The first time I turned Z out in the pasture, I made sure I was the only person at the barn. I was predicting failure at being able to bring him back in so I did not want anyone around to say, 'I told you so'. So, after our hack and a bath I turned him out in the front pasture and I retreated back to the barn to prepare for a week of camp.
A couple hours later, I called Z's name from the gate. He lifted his head and started ambling toward me. I am not sure I was breathing, but I started talking to him as I grabbed the halter and started walking to meet him. I reached out to pat his neck and he did not flinch or tense. Instead, he lowered his head towards the halter. (Now, I wished everyone in the world was there watching!)
So, for the rest of the week this was our routine. I would take him out in the mornings and bring him back in in time for dinner. He was still going out by himself, but at least he was going out! He was eagerly greeting me in mornings, and again in the pasture. In fact, he would hear me talking to people at the barn and he would start nickering.
All in all, this was much more progress then I was expecting, and in barely three weeks of days spent together spread over a summer. I was exhilarated. Z was connecting with me, and he had connected with the kiddos. Our rides were going well, and he was getting to go in and out of the pasture. I guess, in a lot of ways his life had transformed back to the better days, but I had not expected him to transition to quickly or easily.
My second to last day in town, I came to the barn early and turned Z out with the herd of school horses for the day. After a week of coming in and out, I was hoping he had settled into a routine and would be willing to come back in with the herd when I came back to ride in the evening.
Z was not in the pasture when I drove up. But before I could ask anyone, I was greeted by an excited employee telling me that Z had let her bring him in from the pasture. I was shocked. (This same employee had tried for months to bring him in not too long ago...) A kiddo hanging around asked if I was upset that someone other then me could catch Z. I told them honestly, 'Absolutely not. I am thrilled.' And I was.
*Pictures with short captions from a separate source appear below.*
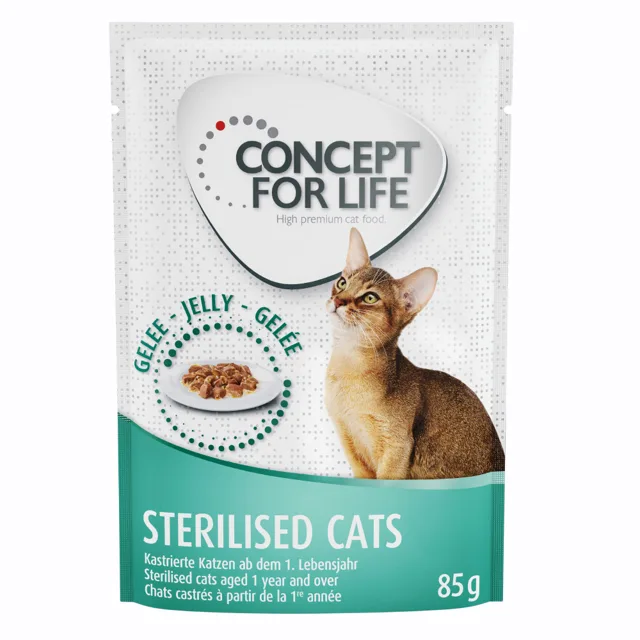 Výhodné balení Concept for Life 48 x 85 g - Sterilised Cats v omáčce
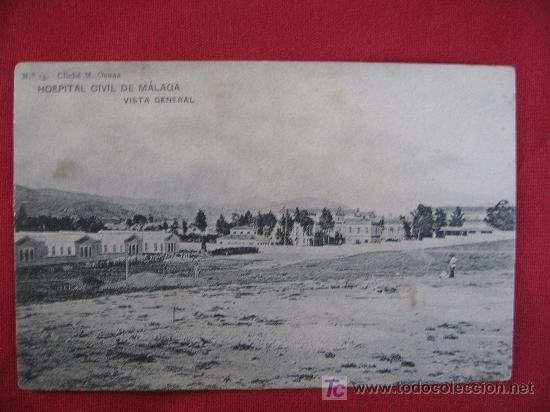 Postales: MALAGA -HOSPITAL CIVIL DE MALAGA - VISTA GENERAL - N&ordm; 13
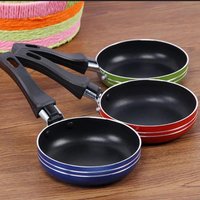 1PC 12cm/14cm/16CM Mini Frying Pan Non-Stick Steel Frypan Pot Saucepan Home Use Egg Frying Pan Random Color For Kitchen Cookware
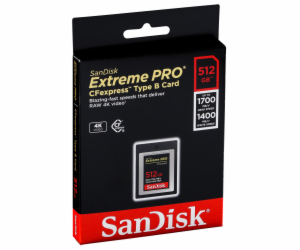 SanDisk Extreme Pro CFexpress Card 512GB, Type B, 1700MB/...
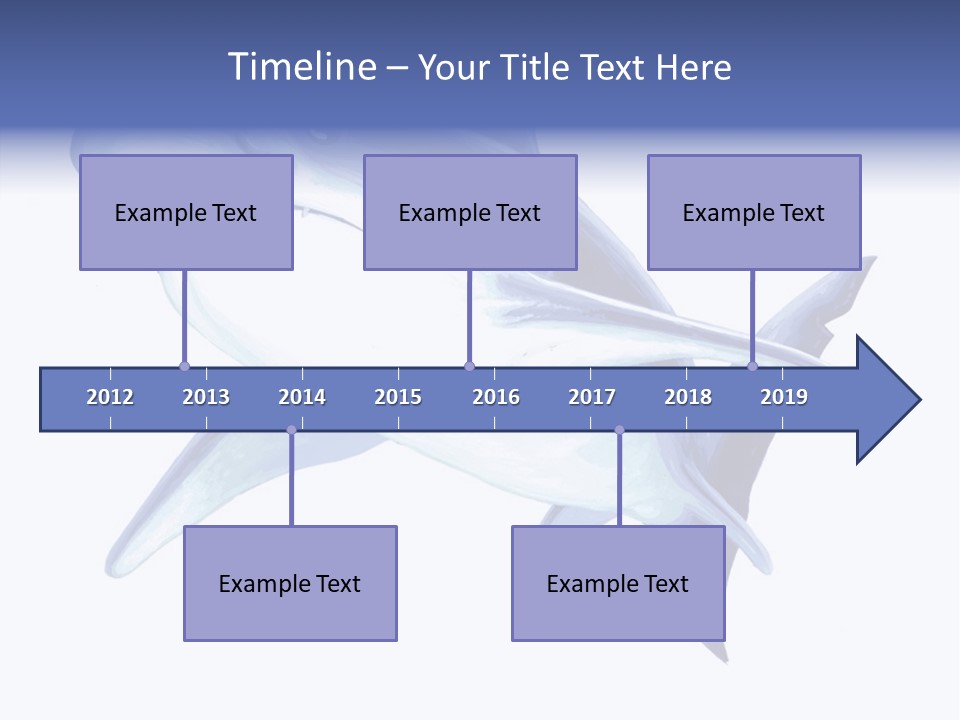 Fins Stroke Artwork PowerPoint Template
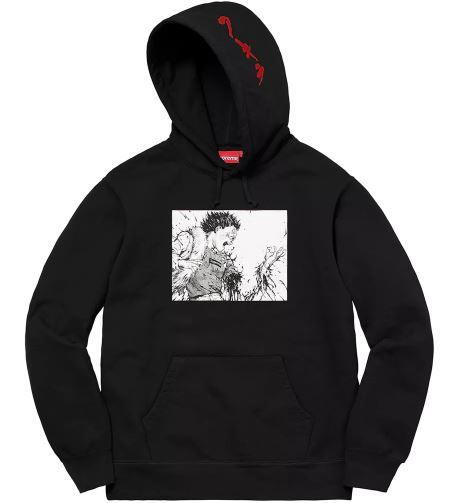 送料無料 即決 新品未使用 Sサイズ 17AW Supreme Akira Arm Hooded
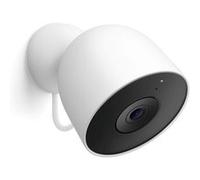 Google Nest Cam Extérieur (Filaire, 2e gén.) - Caméra de sécurité extérieure avec vidéo 2K - Fonctionne avec Google Home - Neige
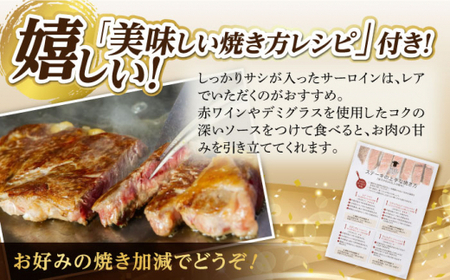 【全3回定期便】サーロイン ステーキ 2枚 400g 長崎和牛 A4-A5【野中精肉店】 [VF19] サーロイン ステーキ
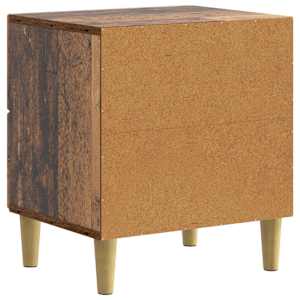 Noční skříňka se zásuvkou 2 pcs Staré dřevo 43 x 34,5 x 48 cm - obrázek 9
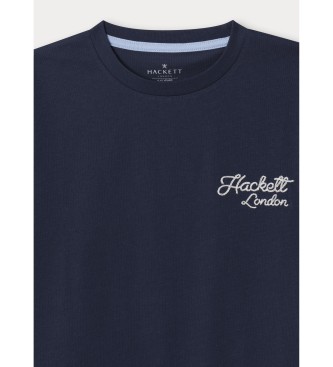 Hackett London Maglietta Sailing BK Boat Tee Navy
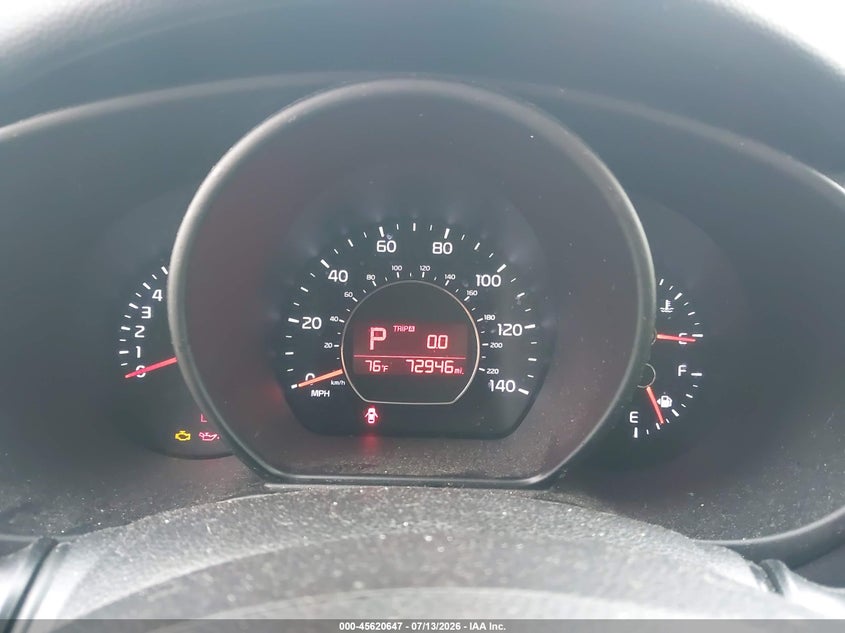 2014 Kia Soul VIN KNDJP3A55E7048104 IAAI salvage auction — NORMAL WEAR, Clear (Georgia), sold $1,050 on 2026-07-23 (photo 7)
In order for Z to move forward in his life he needs to be able to connect with all sorts of people and be willing to form new relationships. Not only would this be healthier for him, it would ensure a safer future for him living in human world.
The other employee, not to be outdone, turned Z out the next morning and brought him in for dinner. The days of Z being 'uncatchable' and difficult' appear to be slipping into history. And I am even more thrilled to report that in the two weeks I have been back at home waiting for Z to move, he was been going out with the school horses every day.